# Bengals



## snakelover (Dec 17, 2006)

anyone keep bengal cats?


----------



## feorag (Jul 31, 2007)

I've seen a few posts with people who have Bengals and xBengal and I know I've had a 'conversation' with someone on here whose wife breeds Bengals - damned if I can remember his name.

Are you looking for a breeder or just someone who owns one?


----------



## snakelover (Dec 17, 2006)

dont even have to own one, just someone that knows there stuff about one, a breeder would be good as they know the most realy (usualy).​


----------



## feorag (Jul 31, 2007)

Well I don't own one although I nearly bought one years ago. 

I;ve bred and shown pedigree cats for nigh on 20 years, although not Bengals.

My friend bought a male stud from the first litter born in this country and bred them for years, so I know a wee bit about them, if I can help,


----------



## snakelover (Dec 17, 2006)

Ill pm you


----------



## snakelover (Dec 17, 2006)

anyone keep any exotic cat? please say ​


----------



## quizicalkat (Jul 7, 2007)

I used to own a bengal : victory:


----------



## Skar's Royals (Aug 24, 2007)

We got Persian Exotics : victory:


----------



## Titch1980 (Mar 6, 2006)

i have\3 bengal x's


----------



## feorag (Jul 31, 2007)

Having 'spoken' to Snakelover by pm - what he is actually looking for is wild cats, not domestic cats with wild breeding in them.


----------



## Skar's Royals (Aug 24, 2007)

so ocelots and stuff then :lol2:


----------



## feorag (Jul 31, 2007)

Yes, stuff like that!

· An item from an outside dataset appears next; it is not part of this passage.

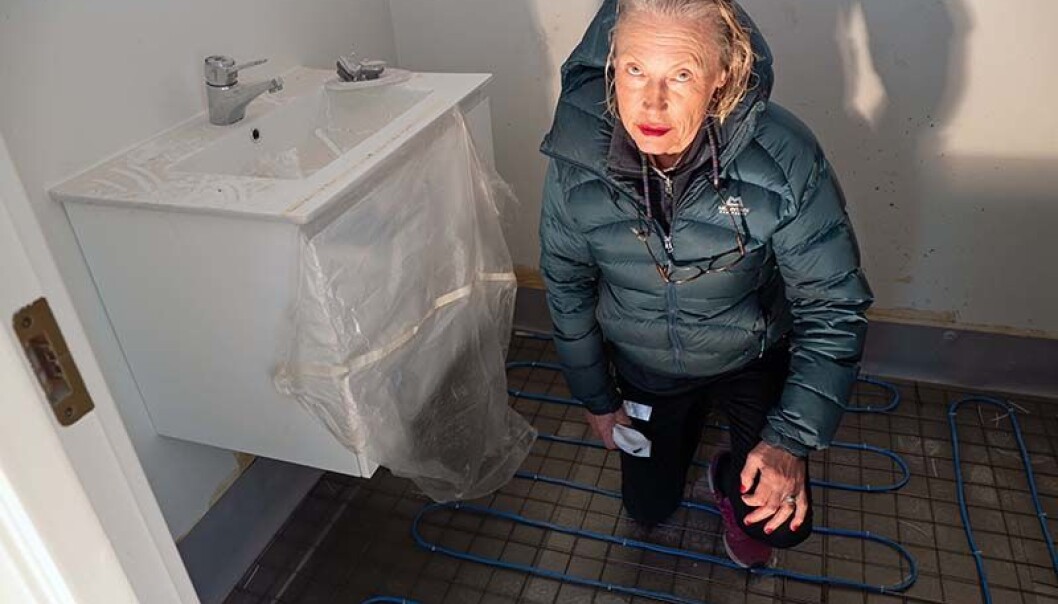 MÅNEDER: Slik ser det ut på badet to måneder etter at det skulle vært ferdig, sier Reidun Knutsen Gjersø. MÅNEDER: Slik ser det ut på badet to måneder etter at det skulle vært ferdig, sier Reidun Knutsen Gjersø.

But of course he'll need a licence to keep them and he'll have a difficult time getting one, as I've pointed out to him.


----------



## WeThePeople (Jul 8, 2007)

My wife breeds bengals, they are pretty much the closest your going to get to a wild cat, very boisterous and require a lot of attention. I cant stand them, we have a maincoon which is a proper domesticated cat, its nice friendly and house trained. Although the Bengals are litter trained thats as close they are to being a domesticated cat.


----------



## snakelover (Dec 17, 2006)

i think bengals is my best bet, but it wont be for a altealst a year or so, so will do reaserch when the time comes. Thanks


----------



## sparkle (Mar 21, 2007)

I have a cross bengal kitten he is amazing...


----------



## njp (Mar 4, 2007)

Savannah cats are very nice, Will hopefully have one very soon

I found a couple of breeders if your interested


----------



## snakelover (Dec 17, 2006)

yer ok...


----------



## Andy b 1 (May 14, 2007)

me and spidergirl33 have got burmese cats


----------



## snakelover (Dec 17, 2006)

they nice but not realy what i looking for...or want. I want something that looks wild...


----------



## Andy b 1 (May 14, 2007)

snakelover said:


> they nice but not realy what i looking for...or want. I want something that looks wild...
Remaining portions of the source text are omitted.